Passionnée par ce qu’elle appelait les "causes oubliées", Camille Lepage était partie en Centrafrique avant même les débuts de l’opération Sangaris, pour témoigner du quotidien des populations victimes de cette guerre fratricide.
La mort de la photographe freelance Camille Lepage, à l’âge de 26 ans est une tragédie pour le journalisme. Son corps a été retrouvé dans une voiture entre Bouar et Garoua Boulai, à l’ouest de la République centrafricaine sur la route menant au Cameroun. « La dépouille mortelle de Mme Lepage a été trouvée lors d’une patrouille de la force Sangaris, à l’occasion d’un contrôle effectué sur un véhicule conduit par des éléments anti-balaka, dans la région de Bouar » a dit l’Elysée.
« Nous sommes profondément choqués de cette tragique disparition d’une jeune journaliste qui faisait preuve d’un extraordinaire courage dans son travail quotidien », déclare Christophe Deloire secrétaire général de Reporters sans frontières. « Nous avons eu la chance de la côtoyer entre deux reportages. En décembre 2013 déjà elle nous faisait part du climat de tensions croissantes pour les journalistes en Centrafrique. Sa mort odieuse montre à quel point les journalistes sont exposés au danger dans leur recherche de l’information, en République centrafricaine comme sur d’autres terrains de conflit ».
Malgré son jeune âge, Camille Lepage avait déjà une riche expérience de reporter photographe. Après avoir sillonné l’Europe au début de sa carrière, elle avait couvert la Révolution égyptienne en 2011 avant de s’envoler vers l’Afrique où elle a capté les premiers pas du nouveau Soudan du Sud en 2012 et rappelé l’horreur des conflits des Monts Nuba au Soudan. Passionnée par ce qu’elle appelait les « causes oubliées », elle était partie en Centrafrique avant même les débuts de l’opération Sangaris, pour témoigner du quotidien des populations victimes de cette guerre fratricide.

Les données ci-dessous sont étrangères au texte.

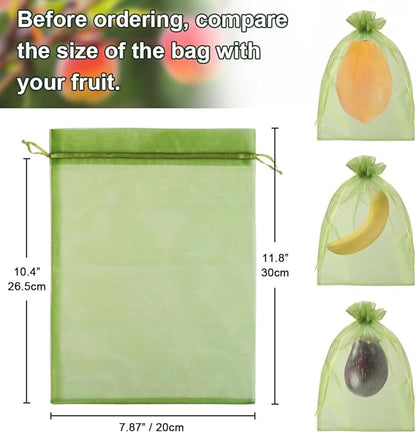 Shintop 100Pcs Fruit Protection Bags, 8x12 Inch Green Grape Netting Cover Drawstring Mesh Bags Pest Barrier for Fruit Trees Flower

Là, selon ses confrères, elle s’est illustrée par son courage, allant toujours au devant de l’action, au contact des ex-Seleka dans les quartiers de Bangui ou couvrant les opérations de désarmement.
En septembre 2013, Reporters sans frontières lui avait prêté un gilet pare-balles pour un précédent reportage en République centrafricaine.
Le conflit en République centrafricaine, qui a débuté avec la prise de Bangui par la coalition rebelle des Seleka en mars 2013, a porté un grave coup à la liberté de l’information en Centrafrique. Les sièges de la majorité des radios et journaux ont alors été pillés par les rebelles des Seleka. Avec l’intensification du conflit en décembre 2013 et la montée des milices anti-balakas, les menaces se sont multipliées contre les journalistes, accusés par les deux bords de faire le jeu de l’une ou l’autre des factions. Nombre d’entre eux ont été contraints de se cacher ou de quitter le pays après avoir fait l’objet de menaces de mort. Aujourd’hui encore, la majorité des journalistes centrafricains n’exerce plus et ceux qui l’osent se voient régulièrement menacés.
La République centrafricaine a enregistré la plus grande chute au Classement de la liberté de la presse établi par Reporters sans frontières, avec une perte de 44 places. Situé à la 65ème place en 2013, le pays figure à la 109ème place sur 180 pays dans l’édition 2014 du Classement.
Selon le bilan établi par Reporters sans frontières, 75 journalistes sont morts dans le monde dans l’exercice de leur fonction en 2013. Depuis le début de 2014, 17 journalistes ont été tués dans l’exercice de leurs fonctions. Camille Lepage est la 18ème de cette liste funèbre.